Factional fighting among rebels in Sri Lanka's volatile east could disturb this month's presidential election and affect the result of the closely contested poll, an election monitoring group warned Wednesday.
"If there are any disturbances or acts of intimidation there, it will definitely affect the result," said Kingsly Rodrigo, chairman of People's Action for Free and Fair Elections, an independent monitoring group that has overseen 11 of the country's elections.
"This is an election where every vote counts," he said.
Thirteen candidates are contesting the Nov. 17 poll, but Prime Minister Mahinda Rajapakse and opposition leader Ranil Wickremesinghe are widely expected to dominate the race.
While there have been significantly fewer incidents of election-related violence this year than in previous polls, Rodrigo said the eastern part of the country was a particular concern.
"This time there is a shift to the east ... different factions (of the rebels) are operating and the other group is armed," Rodrigo told reporters.

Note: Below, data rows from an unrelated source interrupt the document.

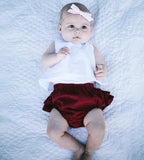 Cranberry Bloomer Pinafore Set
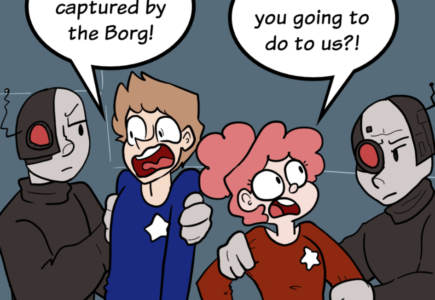 COMIC : PIP & JANE IN OUTER SPACE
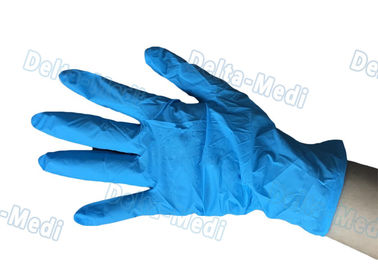 의학 분말 자유로운 비닐 장갑, 파란 처분할 수 있는 비닐 장갑 착용 저항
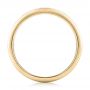 14k Yellow Gold 14k Yellow Gold Custom Blue Sapphire Men's Band - Front View -  102750 - Thumbnail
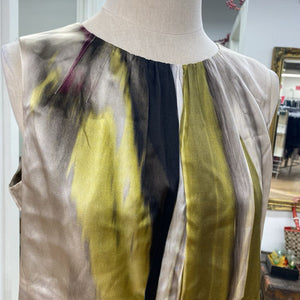 Elie Tahari silk blend top M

He did not refer to any group by name, but Liberation Tigers of Tamil Eelam insurgents have been battling with a breakaway group since March last year, mainly in the country's east.
Scores of people have been killed in the internecine fighting, which has involved gunfire and grenades.
Rodrigo said a grenade explosion could scare people into staying at home on election day.
Local vigilante groups headed by religious leaders have been set up to try to avert violence in the area, he said.
The election monitoring group will deploy about 22,000 election observers throughout the island, including 100 foreign monitors, reports the AP. I.L.